Having now seen the leaders of the "malignant faction" visited with condign "punishment" and put out of the way, Laud had the pleasure of having his early patron, bishop Williams — against whom he seems to have nursed a rancorous grudge, as though fearing that one day he might be a dangerous rival — arraigned before him in the Star Chamber, at first on the old charge of revealing the king's secrets, and afterwards in that of suborning a witness; and, having again delivered himself of a long and dignified speech, magnifying the enormity of the crime of subornation of perjury, especially in a clergyman and a bishop, and at the same time protesting his personal friendliness, he graciously and humbly leaves the accused to the tender mercies of a court thus "tuned," who sentenced him to pay a fine of £10,000, to be imprisoned during the king's pleasure, and to be suspended from all his offices, preferments, and functions.
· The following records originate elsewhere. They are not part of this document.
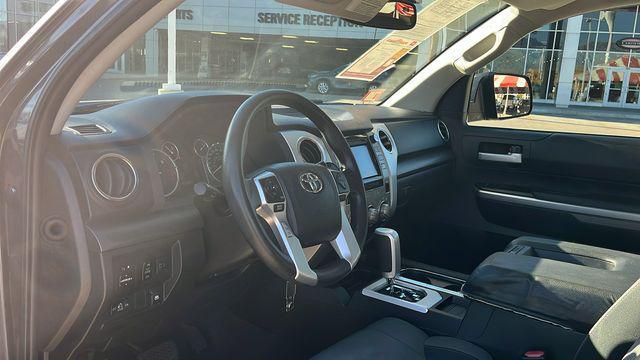 used 2015 Toyota Tundra car, priced at $29,999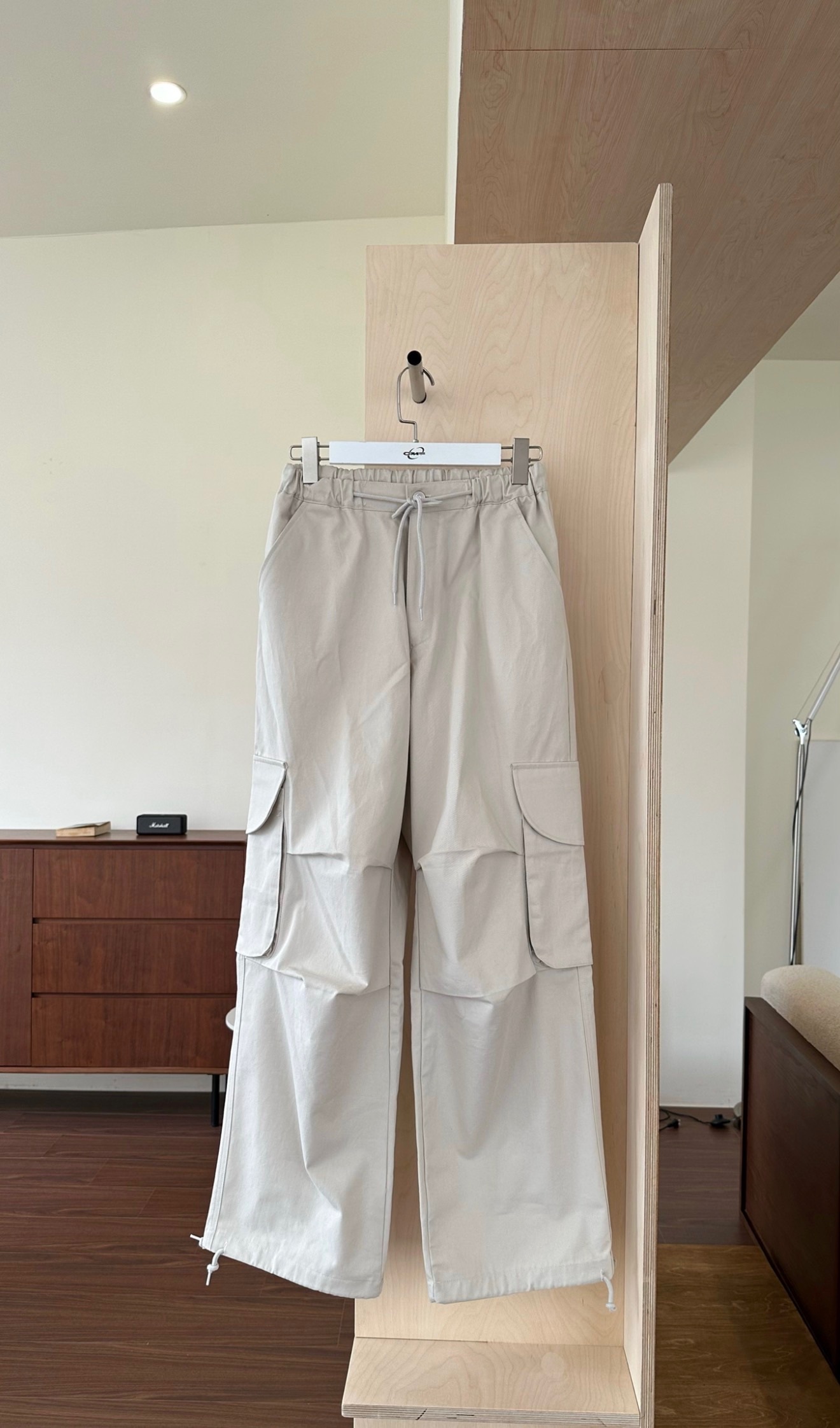 K23   口袋工作褲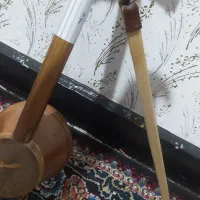 کمانچه خوش صدا و سالم|سازهای سنتی|اندیمشک, |دیوار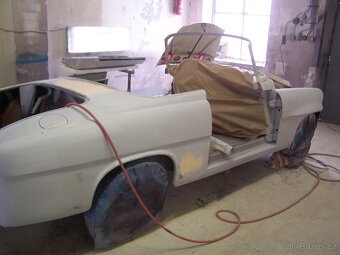 Felicie, typ 994 rv 1960 po rozsáhlé renovaci - 11
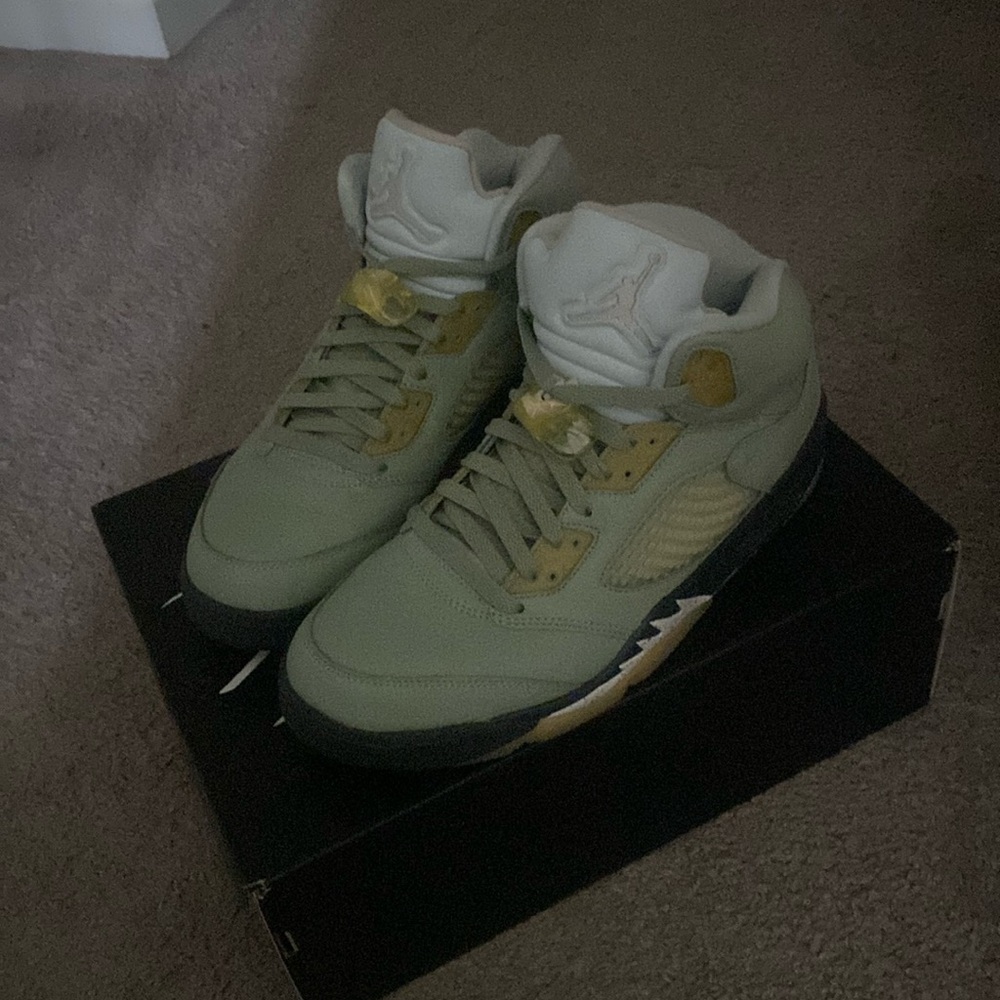 Air Jordon 5 Retro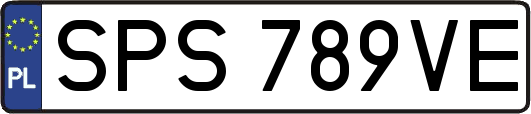 SPS789VE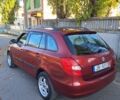 Червоний Шкода Фабія, об'ємом двигуна 0 л та пробігом 400 тис. км за 2450 $, фото 5 на Automoto.ua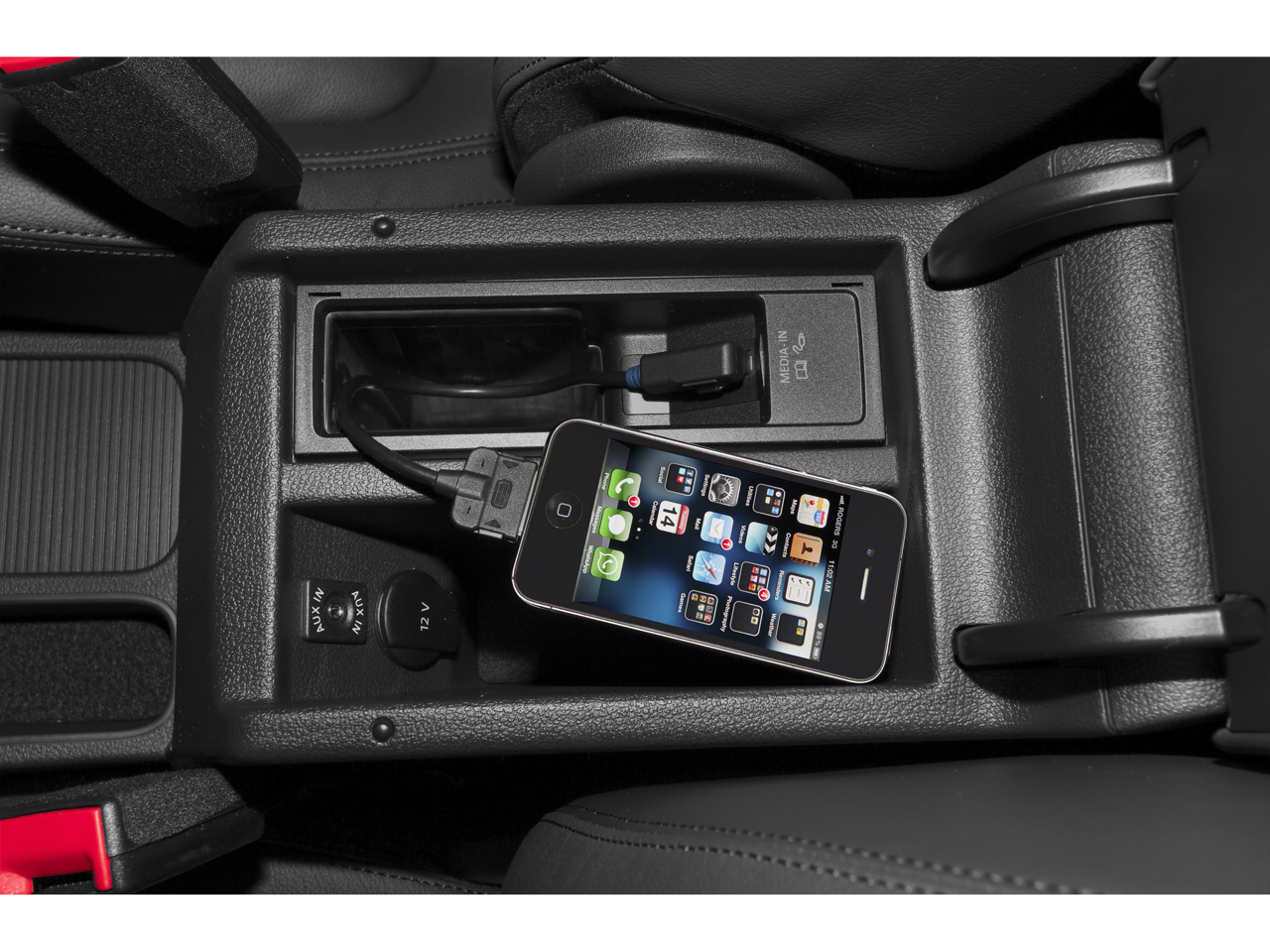 2015 Volkswagen Tiguan 2WD 4dr Auto SEL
Upon Laud's recommendation, a decree was passed by the Star Chamber in 1637 for restraining the freedom of the press. The provisions of the edict were sufficiently severe. It limited the number of master printers under penalty of whipping; it forbade the printing of books without a license from the archbishop or the bishop of London, or their chaplains, or from the chancellors or vice-chancellors of the universities. It prohibited the sale of imported books without a similar license; it authorized the Company of Stationers to seize on all such books as they found to be schismatical or offensive, and to lay them before the ecclesiastical authorities; it enacted that no one in England should cause to be printed any books in English beyond the seas, or to import them into the country; and finally it provided that offenses against the decree should be punished by the court of Star Chamber or High Commission. Such was the law enacted — not by the English Parliament, but by the Star Chamber — to protect, not the English Protestant Church, but the Laudian ecclesiastical system against the "Puritan faction."

The "Short Parliament" of 1640 had been dissolved after a session of three weeks; but as the Convocation continued to sit a set of new canons was drawn up under the influence and presidency of Laud, which contained the famous election oath; and the first of which proclaimed that monarchy was of divine right, that the royal authority was independent, not only of the bishop of Rome, but of every other earthly power, and that it cannot be assailed on any pretense without resistance to the ordinance of God. Not only this canon, but the whole body of them, were of the most arbitrary character, especially enjoining, under severe penalties, the ceremonies to which the archbishop was notoriously attached; and all this at a time most unwisely chosen, when the whole condition of the empire was imminently critical; so that, as Clarendon remarks, "the season in which that synod continued to sit was in so ill a conjuncture of time that nothing could have been transacted there of a popular and prevailing influence."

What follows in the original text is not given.